### [Directions for this task]
In the records below, begin at the line containing "Enfeite de prateleira" and end at the line containing "Lovely Townhouses in"; quote every line in that span exactly, including both boundary lines, and no others.
+++ Material provided +++
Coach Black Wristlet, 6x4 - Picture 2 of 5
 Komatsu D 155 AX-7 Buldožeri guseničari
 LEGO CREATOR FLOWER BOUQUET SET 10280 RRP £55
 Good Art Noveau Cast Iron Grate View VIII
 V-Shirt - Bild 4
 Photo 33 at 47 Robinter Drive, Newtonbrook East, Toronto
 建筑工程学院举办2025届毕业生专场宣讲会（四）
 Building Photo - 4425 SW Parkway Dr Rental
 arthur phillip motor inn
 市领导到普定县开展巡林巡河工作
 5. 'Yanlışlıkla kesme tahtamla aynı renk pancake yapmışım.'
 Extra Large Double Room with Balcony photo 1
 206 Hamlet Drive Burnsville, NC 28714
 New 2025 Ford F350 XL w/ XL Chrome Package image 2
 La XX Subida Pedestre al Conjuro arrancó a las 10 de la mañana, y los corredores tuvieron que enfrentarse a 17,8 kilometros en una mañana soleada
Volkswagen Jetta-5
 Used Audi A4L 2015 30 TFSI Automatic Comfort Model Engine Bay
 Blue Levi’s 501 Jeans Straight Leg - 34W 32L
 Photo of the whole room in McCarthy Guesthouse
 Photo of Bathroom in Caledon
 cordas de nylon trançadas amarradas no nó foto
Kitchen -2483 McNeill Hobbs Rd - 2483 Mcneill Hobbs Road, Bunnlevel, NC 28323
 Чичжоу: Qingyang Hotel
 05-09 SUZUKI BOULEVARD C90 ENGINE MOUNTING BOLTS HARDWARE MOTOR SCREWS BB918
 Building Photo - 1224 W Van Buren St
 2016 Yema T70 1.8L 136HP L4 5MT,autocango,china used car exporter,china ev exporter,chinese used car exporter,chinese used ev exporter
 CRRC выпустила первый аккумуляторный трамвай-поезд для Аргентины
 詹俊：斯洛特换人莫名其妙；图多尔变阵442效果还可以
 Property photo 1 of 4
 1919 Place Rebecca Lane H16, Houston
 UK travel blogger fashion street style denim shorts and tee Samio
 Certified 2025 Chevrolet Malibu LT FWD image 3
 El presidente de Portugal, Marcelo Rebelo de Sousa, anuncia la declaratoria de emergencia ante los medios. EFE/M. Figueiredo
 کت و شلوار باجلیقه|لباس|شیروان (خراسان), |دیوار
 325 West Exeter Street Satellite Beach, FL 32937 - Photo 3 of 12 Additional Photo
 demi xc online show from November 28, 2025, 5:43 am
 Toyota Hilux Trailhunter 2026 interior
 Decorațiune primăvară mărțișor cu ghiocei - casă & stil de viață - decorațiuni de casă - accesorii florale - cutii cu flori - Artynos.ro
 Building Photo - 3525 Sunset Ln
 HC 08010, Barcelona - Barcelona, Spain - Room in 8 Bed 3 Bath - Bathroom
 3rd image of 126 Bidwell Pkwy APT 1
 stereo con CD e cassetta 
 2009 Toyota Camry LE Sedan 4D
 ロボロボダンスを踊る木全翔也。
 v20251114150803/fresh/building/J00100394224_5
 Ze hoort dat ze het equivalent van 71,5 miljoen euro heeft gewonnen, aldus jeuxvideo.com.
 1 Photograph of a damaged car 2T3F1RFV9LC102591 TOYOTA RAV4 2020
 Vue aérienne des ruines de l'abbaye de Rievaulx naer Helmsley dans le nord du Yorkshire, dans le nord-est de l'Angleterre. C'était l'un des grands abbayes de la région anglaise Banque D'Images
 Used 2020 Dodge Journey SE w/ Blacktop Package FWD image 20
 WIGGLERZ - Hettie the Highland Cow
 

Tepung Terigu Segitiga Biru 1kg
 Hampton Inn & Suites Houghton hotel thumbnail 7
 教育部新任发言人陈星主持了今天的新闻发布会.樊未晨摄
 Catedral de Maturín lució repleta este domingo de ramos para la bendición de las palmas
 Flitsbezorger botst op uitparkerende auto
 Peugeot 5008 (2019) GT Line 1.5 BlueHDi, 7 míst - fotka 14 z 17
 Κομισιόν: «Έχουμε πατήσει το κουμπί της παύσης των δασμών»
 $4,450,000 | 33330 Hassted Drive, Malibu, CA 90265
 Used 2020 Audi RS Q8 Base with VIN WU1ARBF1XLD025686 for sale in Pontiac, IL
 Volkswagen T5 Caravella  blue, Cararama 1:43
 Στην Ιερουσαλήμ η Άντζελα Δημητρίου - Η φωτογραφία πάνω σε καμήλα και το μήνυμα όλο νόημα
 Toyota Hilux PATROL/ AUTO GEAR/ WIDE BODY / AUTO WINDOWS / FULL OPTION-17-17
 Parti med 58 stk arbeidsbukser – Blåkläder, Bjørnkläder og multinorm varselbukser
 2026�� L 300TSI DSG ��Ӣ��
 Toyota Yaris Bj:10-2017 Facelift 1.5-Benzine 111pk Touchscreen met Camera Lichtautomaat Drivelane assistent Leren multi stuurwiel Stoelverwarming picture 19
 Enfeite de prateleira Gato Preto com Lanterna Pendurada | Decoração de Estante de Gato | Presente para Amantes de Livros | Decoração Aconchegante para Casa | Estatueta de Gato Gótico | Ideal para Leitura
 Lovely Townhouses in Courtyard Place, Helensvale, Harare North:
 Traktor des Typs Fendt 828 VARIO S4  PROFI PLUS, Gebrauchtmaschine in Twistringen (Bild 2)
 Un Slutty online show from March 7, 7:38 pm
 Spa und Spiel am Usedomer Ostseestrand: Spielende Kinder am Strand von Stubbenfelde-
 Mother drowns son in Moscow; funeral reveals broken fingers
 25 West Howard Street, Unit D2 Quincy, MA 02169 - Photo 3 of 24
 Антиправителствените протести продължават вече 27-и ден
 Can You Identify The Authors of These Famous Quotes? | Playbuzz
+++
### [Exercise output]
 Enfeite de prateleira Gato Preto com Lanterna Pendurada | Decoração de Estante de Gato | Presente para Amantes de Livros | Decoração Aconchegante para Casa | Estatueta de Gato Gótico | Ideal para Leitura
 Lovely Townhouses in Courtyard Place, Helensvale, Harare North:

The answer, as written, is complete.